§ **DATA EXTRACTS**
---
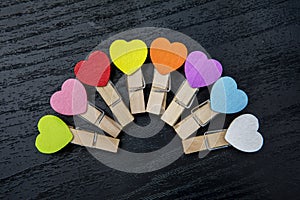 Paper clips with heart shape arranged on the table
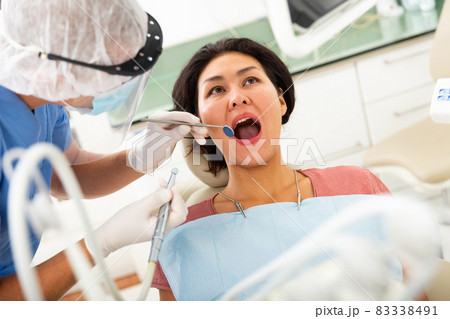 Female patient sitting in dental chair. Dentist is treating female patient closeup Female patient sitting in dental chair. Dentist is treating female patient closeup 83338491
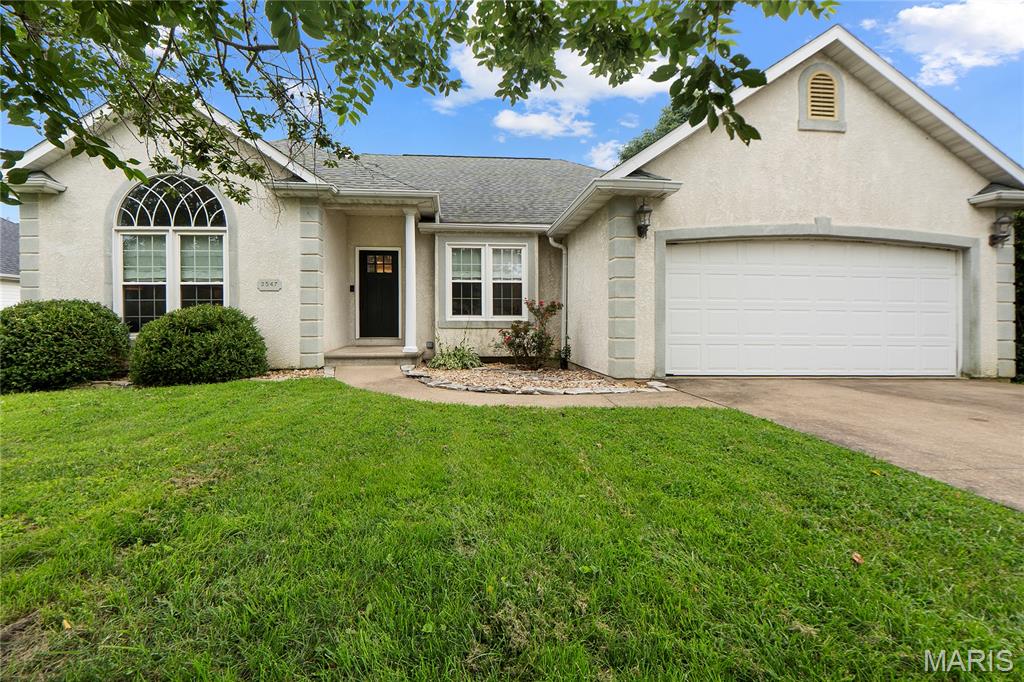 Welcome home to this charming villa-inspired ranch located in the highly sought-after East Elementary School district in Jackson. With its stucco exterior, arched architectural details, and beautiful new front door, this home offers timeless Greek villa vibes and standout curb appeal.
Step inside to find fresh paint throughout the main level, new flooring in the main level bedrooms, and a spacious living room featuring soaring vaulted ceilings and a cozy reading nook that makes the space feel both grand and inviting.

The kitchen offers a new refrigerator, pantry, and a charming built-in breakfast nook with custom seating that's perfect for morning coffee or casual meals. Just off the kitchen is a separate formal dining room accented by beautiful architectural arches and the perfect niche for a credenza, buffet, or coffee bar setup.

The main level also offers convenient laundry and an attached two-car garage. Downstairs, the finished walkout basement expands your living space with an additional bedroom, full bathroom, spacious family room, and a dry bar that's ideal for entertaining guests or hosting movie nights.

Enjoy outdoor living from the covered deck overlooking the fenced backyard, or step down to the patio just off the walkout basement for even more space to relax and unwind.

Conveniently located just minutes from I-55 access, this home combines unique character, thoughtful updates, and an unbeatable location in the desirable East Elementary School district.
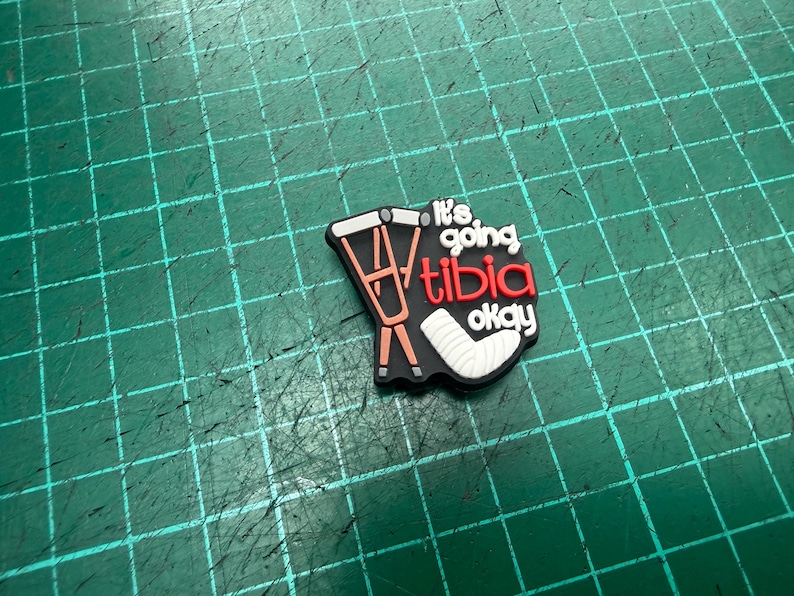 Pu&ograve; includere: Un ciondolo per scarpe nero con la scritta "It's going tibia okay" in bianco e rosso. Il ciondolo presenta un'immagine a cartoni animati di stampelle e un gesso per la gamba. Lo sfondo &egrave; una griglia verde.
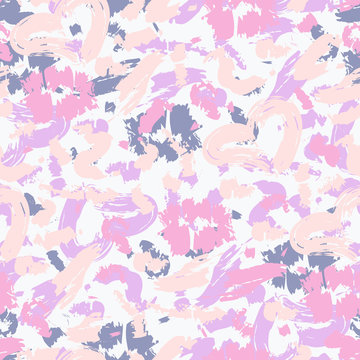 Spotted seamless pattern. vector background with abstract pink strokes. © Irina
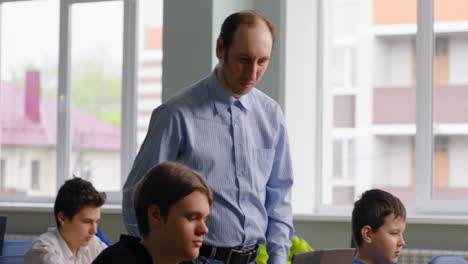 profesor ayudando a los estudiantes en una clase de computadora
---
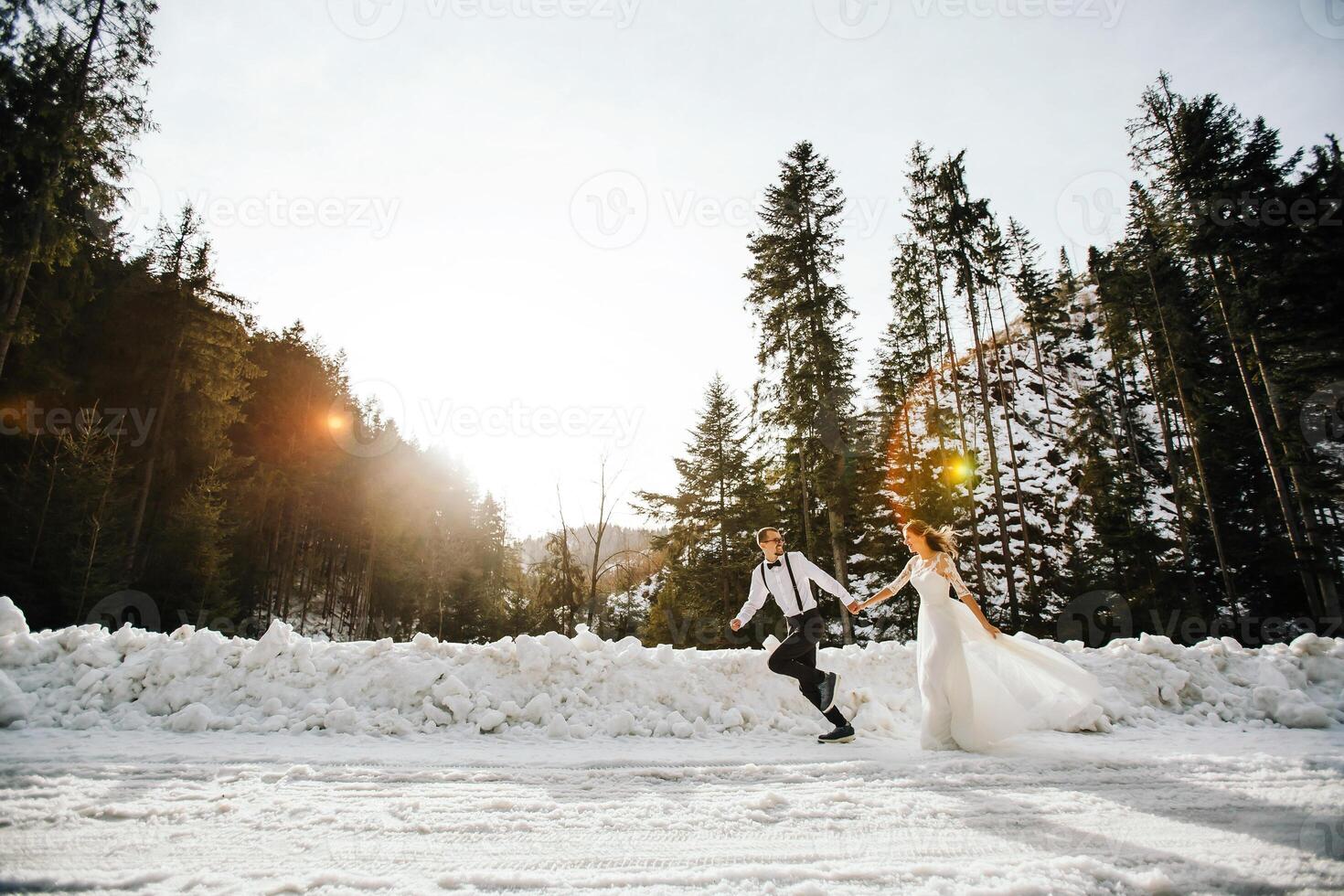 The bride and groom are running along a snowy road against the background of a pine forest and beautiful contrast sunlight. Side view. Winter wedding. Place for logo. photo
---
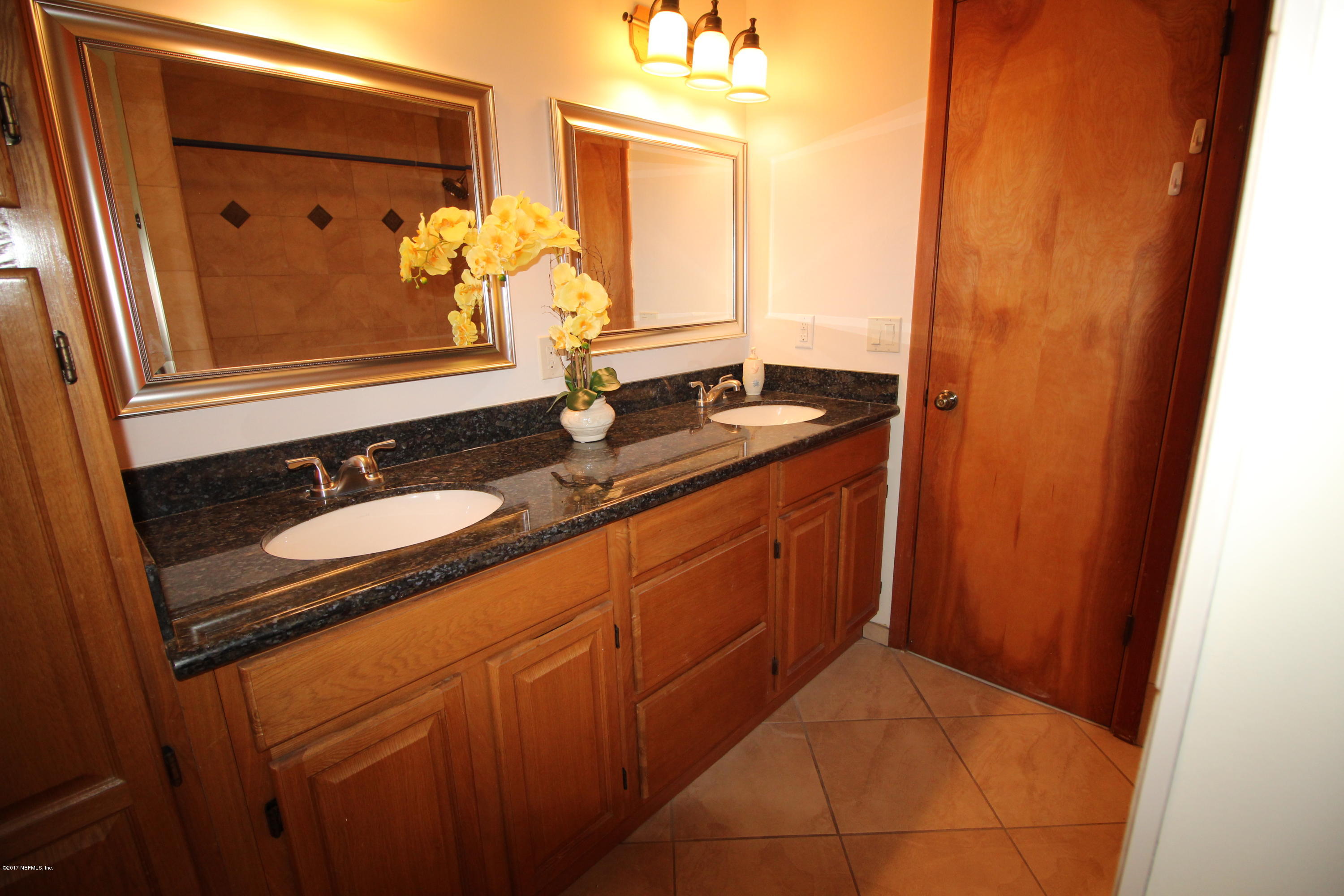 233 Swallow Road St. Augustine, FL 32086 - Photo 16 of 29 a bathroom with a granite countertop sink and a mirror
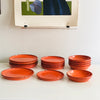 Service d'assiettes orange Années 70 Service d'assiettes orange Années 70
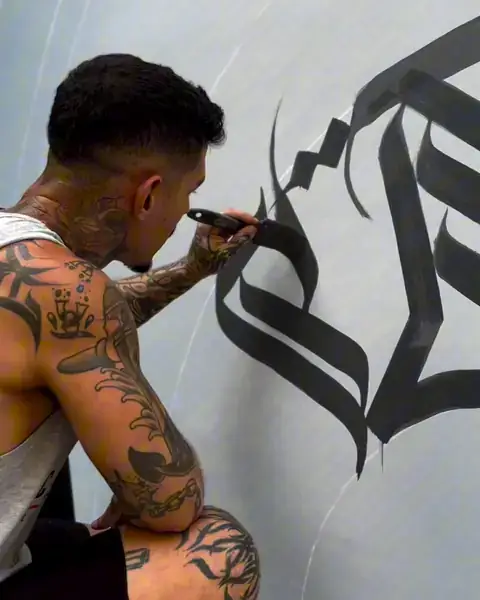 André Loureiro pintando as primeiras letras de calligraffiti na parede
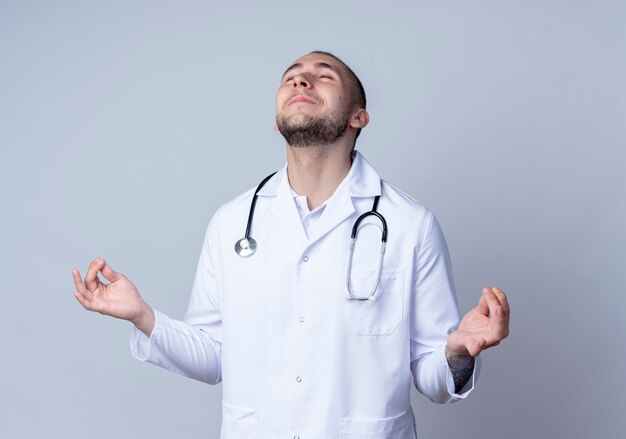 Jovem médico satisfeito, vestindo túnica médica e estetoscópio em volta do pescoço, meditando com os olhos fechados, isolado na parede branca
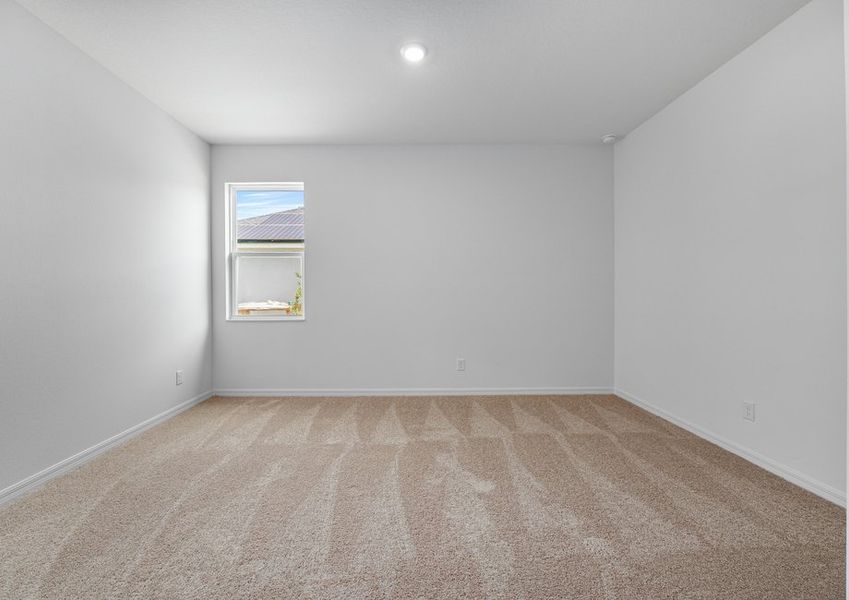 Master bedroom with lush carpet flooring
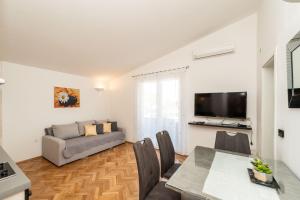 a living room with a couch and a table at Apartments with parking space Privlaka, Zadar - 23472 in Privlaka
---
§ **TASK TO COMPLETE**
Among the entries above, find the line with "Pu&ograve; includere: Un" and repeat exactly from there through the line with "profesor ayudando a", leaving out the pictures.

§ **FINISHED TASK**
 Pu&ograve; includere: Un ciondolo per scarpe nero con la scritta "It's going tibia okay" in bianco e rosso. Il ciondolo presenta un'immagine a cartoni animati di stampelle e un gesso per la gamba. Lo sfondo &egrave; una griglia verde.
 Spotted seamless pattern. vector background with abstract pink strokes. © Irina
 profesor ayudando a los estudiantes en una clase de computadora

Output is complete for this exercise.